I guess it's because the Bootloader is not an engineering SPL Unlocked bootloader or something along those lines..

Is there a way to get an SPL Unlocked Bootloader for the Galaxy Nexus or a different way to get this accomplished?

I also thought about possibly adding commands to the start up script so it was semi-permanent..

Not really sure the best approach to get this achieved..

I have a MAC Address that is registered on my school's network.. They won't register my Nexus so I wanted to just use my old devices MAC Address..

Any help is appreciated.

Thanks in advance!


----------



## RMarkwald (Oct 19, 2011)

I have the issue of my MAC changing every time I boot... I'd love to tell you if it's possible, as I wonder if it'd help my situation as well.
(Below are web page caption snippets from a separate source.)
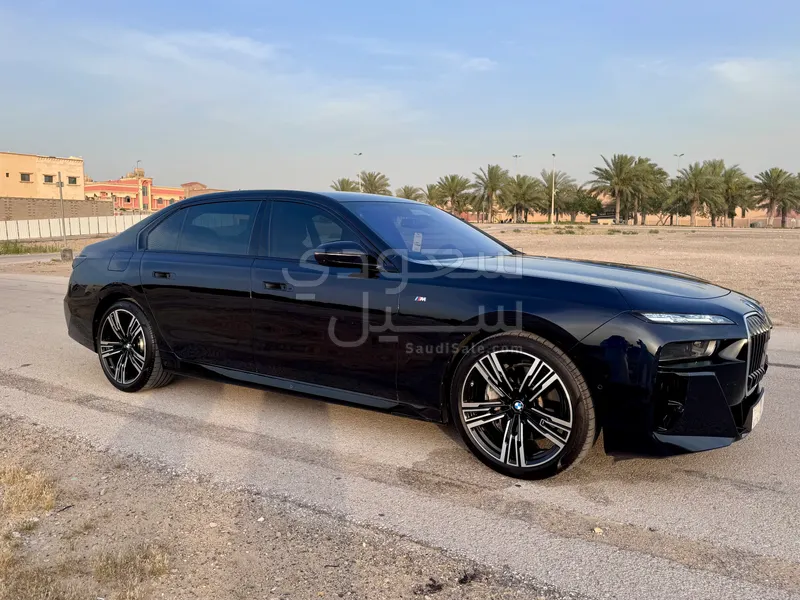 2023 بي ام دبليو الفئة السابعة 740أي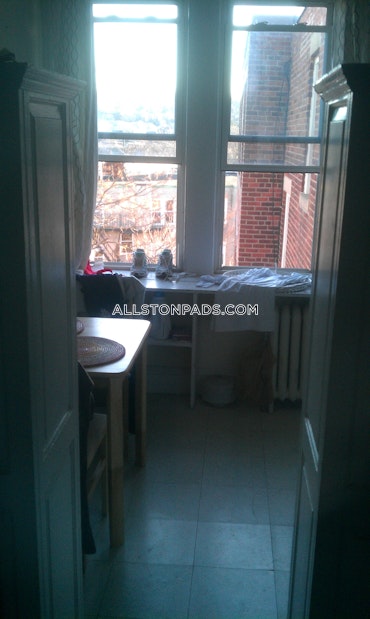 Boston - 0 Beds, 1 Baths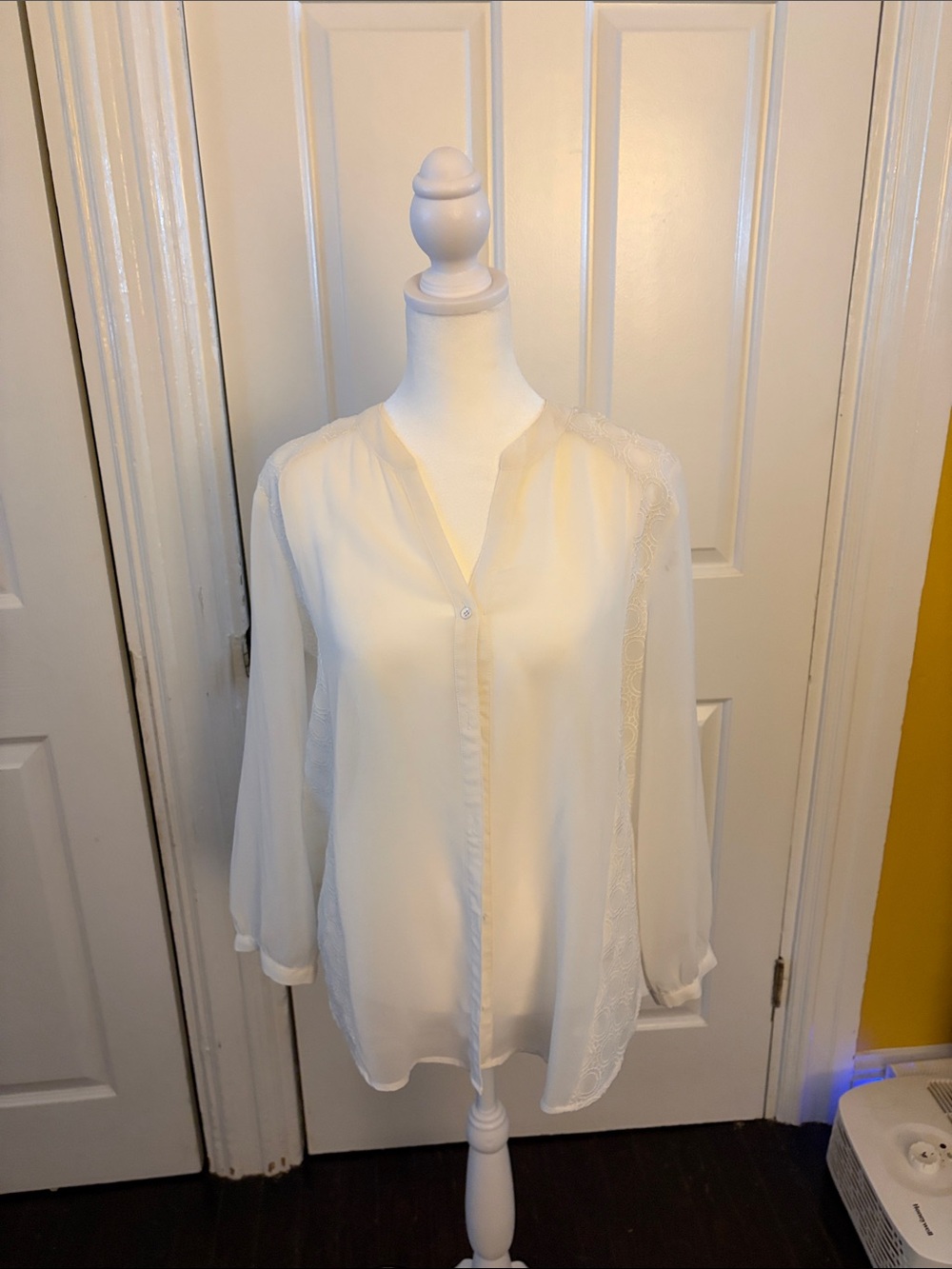 Gentle Fawn Cream Sheer Button-Front Blouse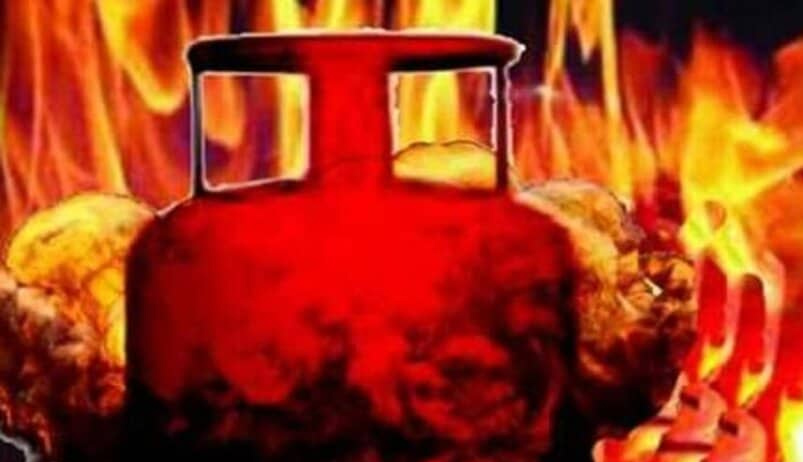 J&K: One dies, 2 injured in cylinder blast 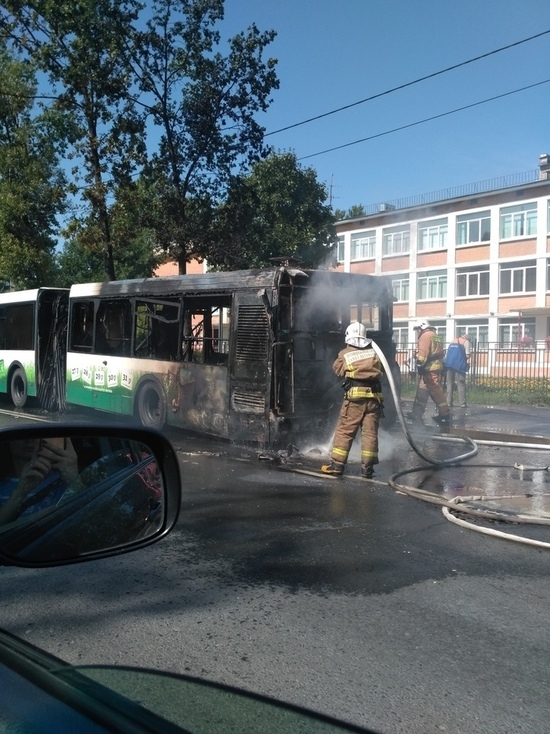 В Стрельне сгорел автобус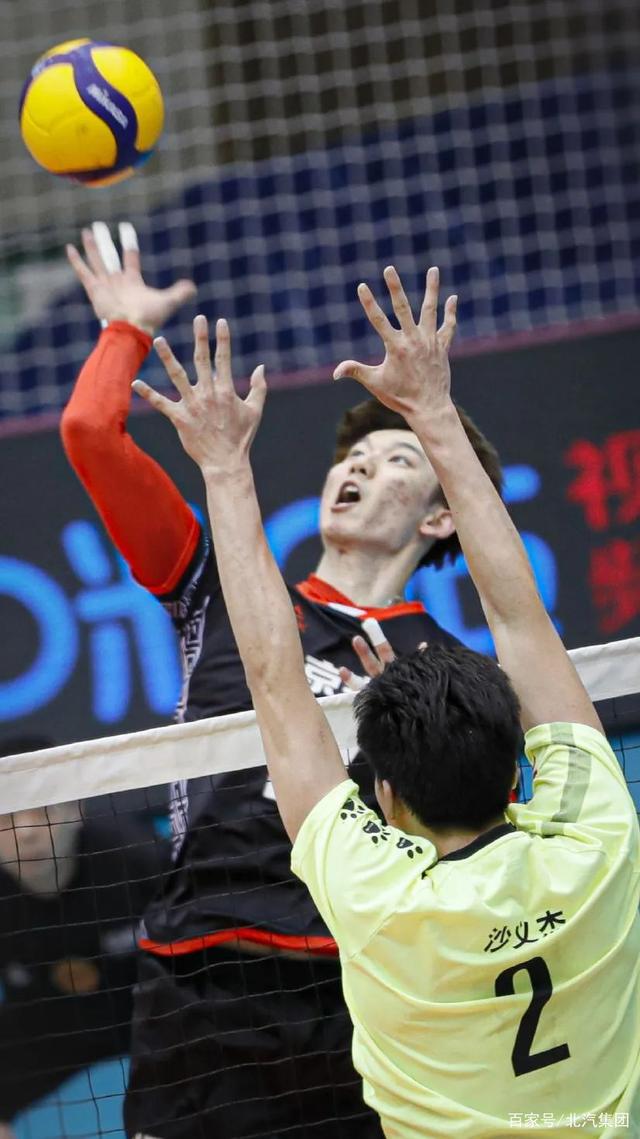 TES险胜PSG，Bin团战一打五强强对话小组赛，强势挺进下一轮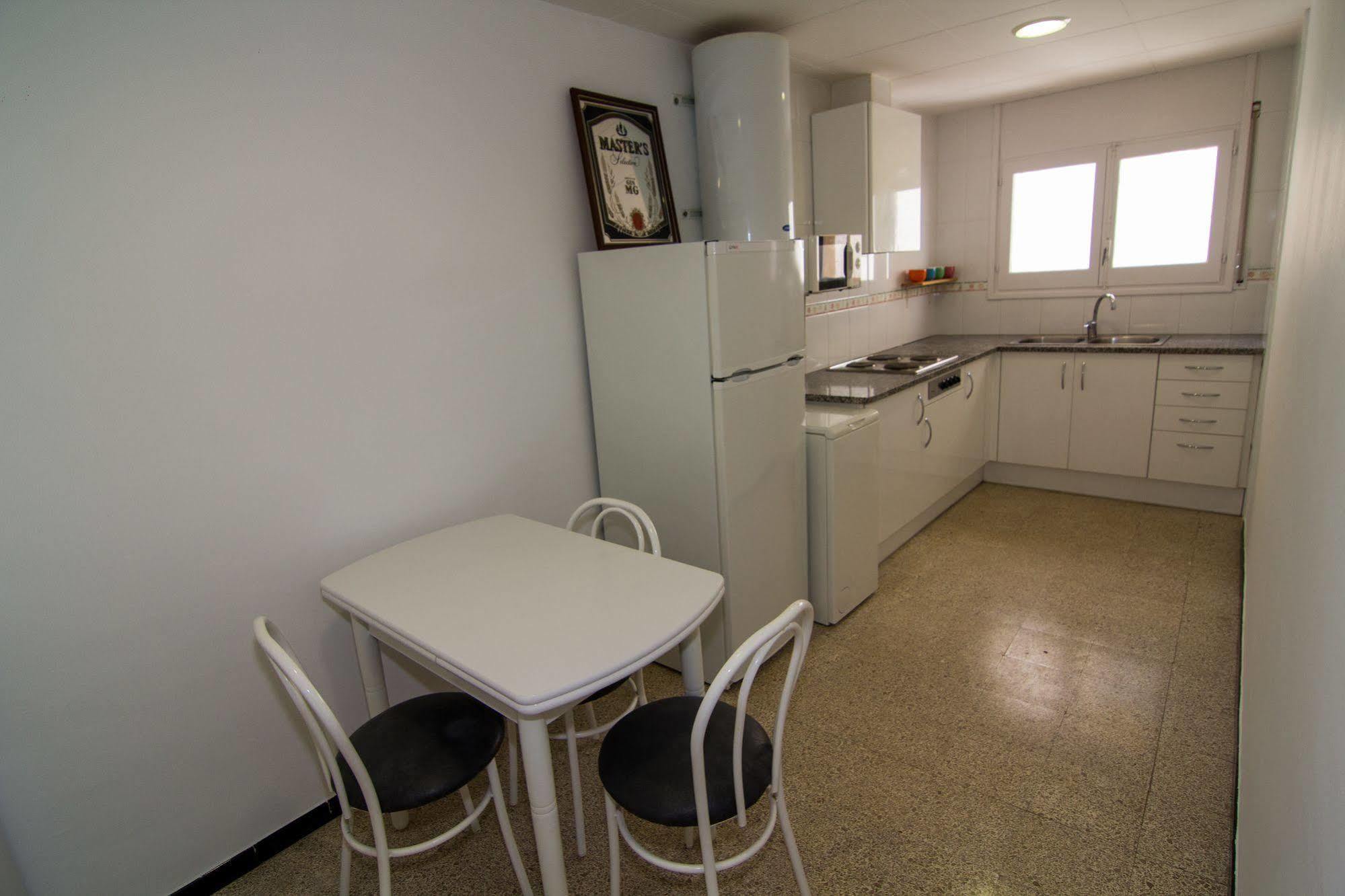 Agi Sant Antoni Apartment Roses Exterior photo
Sent from my Galaxy Nexus using RootzWiki


----------



## yarly (Jun 22, 2011)

http://android.stackexchange.com/questions/17657/how-to-change-permanent-mac-address-on-my-android-phone


----------



## DizzyThermal (Jun 15, 2011)

yarly said:


> http://android.stack...y-android-phone


I did come across this page yarly, however.. The Busybox method is not permanent and for some reason I do not have the file "nvram.txt" in the specified location..

Either way, neither of the methods seem to stick after a reboot..

I think if those commands were issued on a boot up script it might be the solution I need..

I tried to write a script and place it in /etc/init.d/ However, it doesn't seem to want to run my script.. Is there something preventing the Android OS from running every script in that folder?

Thanks


----------



## Artimis (Dec 25, 2011)

I'm in the same situation. Have you found any method that works yet?

I actually don't want anything permanent.....but I haven't found any temporary method that works yet either.


----------